The timing of Equal Pay Day is symbolic, meant to recognize just how far into the year women have to work in order to catch up with what men made in the previous year.

Whether working full time or part time, women deserve equal pay for the work they do. But not all of Wisconsin’s elected officials agree with that.

While they were in office, Republican Gov. Scott Walker and Lt. Gov. Rebecca Kleefisch—now a gubernatorial candidate—repealed Wisconsin’s Equal Pay Law, removing vital protections for victims of wage discrimination.

In 2021, Republican Sen. Ron Johnson opposed legislation put forth by the Biden administration that would hold employers accountable for unequal pay practices.

Johnson said in a news release that he opposed Biden’s Paycheck Fairness Act because it would “harm our economy” and that women haven’t been discriminated against in the workplace since the 1960s.

But here’s the thing: Sen. Johnson isn’t doing his research. If he did, he would know that the Bureau of Labor Statistics’ most recent data shows the average woman makes just 82 cents for every dollar paid to their male counterparts.

He would also know that the National Women’s Law Center reported last year that Black women in Wisconsin are paid just 59 cents for every dollar made by white men.

These numbers don’t take into account all the unpaid labor women are expected to take on, a phenomenon that has only grown as the COVID-19 pandemic has swept the world.

According to American Progress, four times more women than men have dropped out of the workforce during the pandemic, erasing decades of progress made on gender equality in the workplace. That works out to millions fewer women working now than in the months leading up to the pandemic.

In addition to those who had to drop out of the workforce completely because of the pandemic, many women who stayed have been forced to reduce their working hours to keep up with the increase in care-giving that so often unevenly falls on women.
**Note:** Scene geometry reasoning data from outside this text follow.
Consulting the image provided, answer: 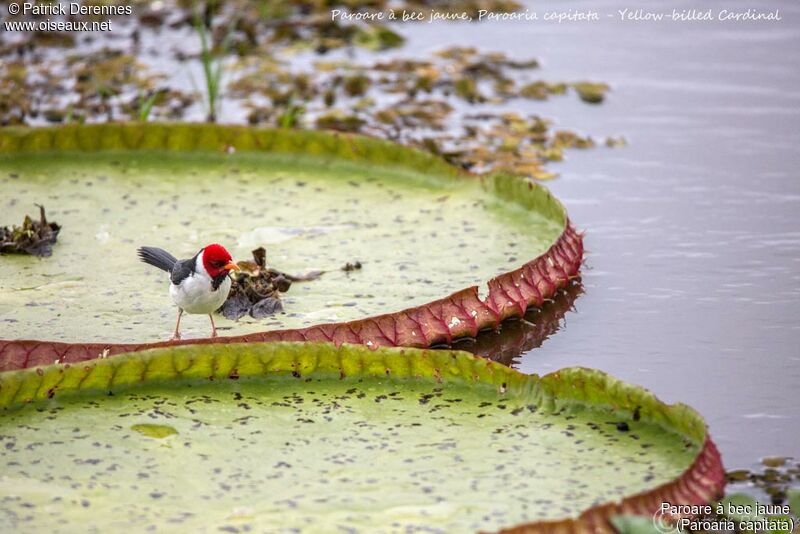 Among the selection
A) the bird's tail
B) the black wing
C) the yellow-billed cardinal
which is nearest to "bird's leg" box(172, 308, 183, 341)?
the yellow-billed cardinal

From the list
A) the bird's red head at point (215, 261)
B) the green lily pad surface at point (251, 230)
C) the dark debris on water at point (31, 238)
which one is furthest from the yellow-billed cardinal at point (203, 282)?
the dark debris on water at point (31, 238)

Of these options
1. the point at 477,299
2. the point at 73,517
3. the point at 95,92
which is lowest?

While Republican leaders choose to ignore that, Gov. Tony Evers is taking real action. His plan for Wisconsin’s budget surplus, which Republican legislators have refused to take up, provides a tax credit for caregivers in Wisconsin and a $150 rebate to families around the state.

This Equal Pay Day, though, we can demand progressive change by telling our elected officials that equality in the workplace can’t wait. Let Sen. Johnson know that paying women what they deserve is not a harm to the economy.

Chris Walloch is the executive director at A Better Wisconsin Together.